Dustin said he opposed the motion to keep the windows because, had this come before the DRC before they were installed, they still would not have followed staff guidelines. Although used commercially, the building is zoned as and resembles a residential structure.
Other Business
• Exterior modifications and a new detached three-car garage were approved for the home at 1665 Del Mar Ave. on the condition that the front porch columns in the plans are corrected to be consistent.
• Siding was approved for use at the home at 2021 Sherwood Road. Although the applicant originally wanted to use TruWood siding, the DRC asked him to use Hardie siding instead. The applicant could alternatively have found local examples of the relatively new TruWood siding to show to commissioners, but that would have continued this hearing at least a month.
• The use of a CertainTeed Landmark TL composition roof at 1930 Marino Terrace was approved. The DRC had approved additions and remodeling for the home in July, but the planned Cedarlite roof was found to not function properly with the low slope of the roof.

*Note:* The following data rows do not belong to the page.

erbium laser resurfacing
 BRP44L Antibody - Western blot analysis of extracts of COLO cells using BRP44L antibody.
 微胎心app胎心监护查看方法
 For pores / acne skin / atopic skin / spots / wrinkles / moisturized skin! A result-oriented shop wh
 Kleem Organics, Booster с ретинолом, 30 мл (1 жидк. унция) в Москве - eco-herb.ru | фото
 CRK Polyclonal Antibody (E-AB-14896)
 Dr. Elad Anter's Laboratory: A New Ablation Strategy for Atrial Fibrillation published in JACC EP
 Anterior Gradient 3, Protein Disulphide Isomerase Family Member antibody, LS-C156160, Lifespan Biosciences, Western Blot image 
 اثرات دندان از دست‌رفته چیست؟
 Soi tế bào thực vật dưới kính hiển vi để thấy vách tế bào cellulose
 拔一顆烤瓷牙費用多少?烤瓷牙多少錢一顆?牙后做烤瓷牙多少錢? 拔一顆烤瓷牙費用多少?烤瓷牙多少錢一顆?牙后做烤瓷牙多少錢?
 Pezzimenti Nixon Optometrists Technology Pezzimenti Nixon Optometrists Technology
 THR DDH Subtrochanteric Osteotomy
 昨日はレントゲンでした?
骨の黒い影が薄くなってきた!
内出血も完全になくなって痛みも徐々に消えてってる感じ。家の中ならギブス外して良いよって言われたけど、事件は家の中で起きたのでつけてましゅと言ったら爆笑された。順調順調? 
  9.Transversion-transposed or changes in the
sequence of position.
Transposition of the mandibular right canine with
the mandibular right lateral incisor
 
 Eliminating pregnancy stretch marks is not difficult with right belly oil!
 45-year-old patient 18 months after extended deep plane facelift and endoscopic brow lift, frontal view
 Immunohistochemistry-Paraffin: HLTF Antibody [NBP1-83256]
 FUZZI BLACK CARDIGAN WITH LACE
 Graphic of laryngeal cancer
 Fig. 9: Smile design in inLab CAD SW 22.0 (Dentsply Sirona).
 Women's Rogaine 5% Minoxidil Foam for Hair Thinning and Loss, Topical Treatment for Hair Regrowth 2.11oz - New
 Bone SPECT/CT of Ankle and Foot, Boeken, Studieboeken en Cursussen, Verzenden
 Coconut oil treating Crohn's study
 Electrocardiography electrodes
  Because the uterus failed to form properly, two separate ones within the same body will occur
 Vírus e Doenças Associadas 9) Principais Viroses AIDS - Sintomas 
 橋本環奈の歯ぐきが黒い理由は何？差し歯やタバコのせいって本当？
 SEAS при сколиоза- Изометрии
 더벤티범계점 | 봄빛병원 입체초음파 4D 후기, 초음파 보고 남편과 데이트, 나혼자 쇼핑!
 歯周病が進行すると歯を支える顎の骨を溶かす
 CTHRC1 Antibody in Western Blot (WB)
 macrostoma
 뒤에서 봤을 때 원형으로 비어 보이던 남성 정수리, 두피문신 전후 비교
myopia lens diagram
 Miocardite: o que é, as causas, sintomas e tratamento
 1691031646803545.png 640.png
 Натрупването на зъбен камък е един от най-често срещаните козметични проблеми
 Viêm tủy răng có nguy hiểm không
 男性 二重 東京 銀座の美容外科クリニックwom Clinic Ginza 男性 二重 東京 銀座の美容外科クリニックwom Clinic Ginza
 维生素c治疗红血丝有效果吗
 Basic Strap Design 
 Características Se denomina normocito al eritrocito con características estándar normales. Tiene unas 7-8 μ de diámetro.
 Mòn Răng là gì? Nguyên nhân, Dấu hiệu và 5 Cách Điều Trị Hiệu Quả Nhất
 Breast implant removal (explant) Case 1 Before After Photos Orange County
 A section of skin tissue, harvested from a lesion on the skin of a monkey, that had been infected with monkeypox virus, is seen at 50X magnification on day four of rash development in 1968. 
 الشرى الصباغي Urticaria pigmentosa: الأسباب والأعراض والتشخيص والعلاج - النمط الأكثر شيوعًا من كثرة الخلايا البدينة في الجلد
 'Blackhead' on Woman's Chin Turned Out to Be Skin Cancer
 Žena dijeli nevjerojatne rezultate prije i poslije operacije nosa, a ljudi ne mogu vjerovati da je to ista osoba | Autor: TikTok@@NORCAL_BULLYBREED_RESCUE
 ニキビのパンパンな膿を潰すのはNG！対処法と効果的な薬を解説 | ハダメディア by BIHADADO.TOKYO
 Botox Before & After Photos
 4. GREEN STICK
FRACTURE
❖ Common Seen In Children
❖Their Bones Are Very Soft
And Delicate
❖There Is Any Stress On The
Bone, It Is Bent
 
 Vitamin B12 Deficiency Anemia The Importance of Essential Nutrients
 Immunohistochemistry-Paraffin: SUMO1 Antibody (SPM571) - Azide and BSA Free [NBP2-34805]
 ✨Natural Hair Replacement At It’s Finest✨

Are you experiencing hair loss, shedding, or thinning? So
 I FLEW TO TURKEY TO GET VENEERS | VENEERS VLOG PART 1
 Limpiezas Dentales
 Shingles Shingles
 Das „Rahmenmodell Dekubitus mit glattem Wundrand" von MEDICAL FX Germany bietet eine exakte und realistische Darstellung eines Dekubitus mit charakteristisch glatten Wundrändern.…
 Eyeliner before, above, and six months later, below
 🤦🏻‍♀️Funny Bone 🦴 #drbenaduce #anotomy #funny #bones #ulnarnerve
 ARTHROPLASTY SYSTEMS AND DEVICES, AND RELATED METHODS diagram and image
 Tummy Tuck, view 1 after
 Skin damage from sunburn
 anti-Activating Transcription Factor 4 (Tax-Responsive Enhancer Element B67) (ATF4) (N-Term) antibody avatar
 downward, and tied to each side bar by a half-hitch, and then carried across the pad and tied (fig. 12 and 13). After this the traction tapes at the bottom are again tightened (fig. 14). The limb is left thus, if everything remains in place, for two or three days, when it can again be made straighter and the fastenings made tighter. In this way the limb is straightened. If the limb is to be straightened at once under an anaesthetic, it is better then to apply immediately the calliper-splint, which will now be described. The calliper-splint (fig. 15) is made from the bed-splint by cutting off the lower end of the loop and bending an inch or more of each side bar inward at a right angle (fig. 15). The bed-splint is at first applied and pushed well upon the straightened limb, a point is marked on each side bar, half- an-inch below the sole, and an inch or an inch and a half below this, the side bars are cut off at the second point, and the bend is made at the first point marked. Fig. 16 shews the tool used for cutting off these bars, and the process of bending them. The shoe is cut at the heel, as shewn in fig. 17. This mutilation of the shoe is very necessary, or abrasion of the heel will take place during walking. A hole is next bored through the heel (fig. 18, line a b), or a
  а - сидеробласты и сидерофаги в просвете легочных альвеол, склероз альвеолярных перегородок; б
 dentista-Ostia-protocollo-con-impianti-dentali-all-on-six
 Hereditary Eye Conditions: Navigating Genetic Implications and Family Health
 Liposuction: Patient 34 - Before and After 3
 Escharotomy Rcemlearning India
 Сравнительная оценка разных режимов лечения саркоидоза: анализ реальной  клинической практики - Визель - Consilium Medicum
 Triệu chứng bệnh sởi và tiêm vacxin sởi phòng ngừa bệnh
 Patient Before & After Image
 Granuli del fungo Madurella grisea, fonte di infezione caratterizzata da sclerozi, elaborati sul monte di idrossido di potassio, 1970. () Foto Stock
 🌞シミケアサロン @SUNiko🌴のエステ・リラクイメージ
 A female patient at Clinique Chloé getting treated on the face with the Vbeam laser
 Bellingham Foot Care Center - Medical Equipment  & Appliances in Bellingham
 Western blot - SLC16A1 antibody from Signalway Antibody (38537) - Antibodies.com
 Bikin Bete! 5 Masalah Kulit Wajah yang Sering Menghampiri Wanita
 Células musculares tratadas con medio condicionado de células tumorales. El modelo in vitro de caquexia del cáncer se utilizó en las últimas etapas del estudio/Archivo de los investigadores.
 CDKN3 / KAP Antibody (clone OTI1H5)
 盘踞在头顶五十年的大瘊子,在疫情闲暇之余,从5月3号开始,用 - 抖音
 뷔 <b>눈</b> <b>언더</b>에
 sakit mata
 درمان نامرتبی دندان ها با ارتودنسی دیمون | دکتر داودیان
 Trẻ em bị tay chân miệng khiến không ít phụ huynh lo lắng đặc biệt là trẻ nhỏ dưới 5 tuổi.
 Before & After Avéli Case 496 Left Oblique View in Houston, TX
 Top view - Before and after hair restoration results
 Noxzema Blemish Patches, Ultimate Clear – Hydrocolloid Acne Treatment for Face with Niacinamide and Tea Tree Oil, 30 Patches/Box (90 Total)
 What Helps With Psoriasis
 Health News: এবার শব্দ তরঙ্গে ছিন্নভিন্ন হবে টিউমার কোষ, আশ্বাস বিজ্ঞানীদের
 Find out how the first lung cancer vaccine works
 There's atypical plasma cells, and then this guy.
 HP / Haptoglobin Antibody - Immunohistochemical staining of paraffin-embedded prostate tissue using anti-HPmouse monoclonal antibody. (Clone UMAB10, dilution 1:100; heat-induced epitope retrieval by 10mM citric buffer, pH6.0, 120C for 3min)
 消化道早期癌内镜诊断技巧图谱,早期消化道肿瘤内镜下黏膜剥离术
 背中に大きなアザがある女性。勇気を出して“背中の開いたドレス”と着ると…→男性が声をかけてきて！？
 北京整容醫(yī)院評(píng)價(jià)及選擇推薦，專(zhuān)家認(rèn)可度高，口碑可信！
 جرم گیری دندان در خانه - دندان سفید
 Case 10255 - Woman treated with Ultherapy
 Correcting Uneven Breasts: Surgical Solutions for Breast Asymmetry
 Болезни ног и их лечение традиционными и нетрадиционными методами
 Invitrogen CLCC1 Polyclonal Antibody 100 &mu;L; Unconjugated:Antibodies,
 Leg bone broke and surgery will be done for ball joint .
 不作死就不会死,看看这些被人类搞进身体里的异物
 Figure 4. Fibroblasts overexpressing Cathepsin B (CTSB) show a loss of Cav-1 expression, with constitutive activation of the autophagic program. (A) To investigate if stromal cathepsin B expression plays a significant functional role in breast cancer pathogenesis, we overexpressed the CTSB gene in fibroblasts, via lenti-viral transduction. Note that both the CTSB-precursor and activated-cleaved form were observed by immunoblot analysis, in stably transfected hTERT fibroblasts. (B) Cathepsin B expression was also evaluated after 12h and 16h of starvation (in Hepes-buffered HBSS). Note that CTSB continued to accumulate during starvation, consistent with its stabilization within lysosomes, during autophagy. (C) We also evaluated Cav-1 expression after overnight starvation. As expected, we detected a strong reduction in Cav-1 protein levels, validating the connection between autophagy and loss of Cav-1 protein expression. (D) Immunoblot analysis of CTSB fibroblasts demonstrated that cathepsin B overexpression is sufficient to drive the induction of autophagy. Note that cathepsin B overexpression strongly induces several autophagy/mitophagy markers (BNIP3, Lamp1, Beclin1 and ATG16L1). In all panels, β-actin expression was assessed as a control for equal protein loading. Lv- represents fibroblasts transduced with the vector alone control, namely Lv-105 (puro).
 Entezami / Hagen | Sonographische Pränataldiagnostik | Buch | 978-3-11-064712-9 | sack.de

• A proposed new home at 2151 Lorain Road was denied as expected. The DRC had last month deemed this and the neighboring 2159 Lorain Road’s proposals too similar not only to themselves, but to another home on Lorain Road. At the time, the DRC suggested to the applicants that a total redesign was in order, but that did not happen. The applicant also was unable to display public notice for the hearing in the required timeframe.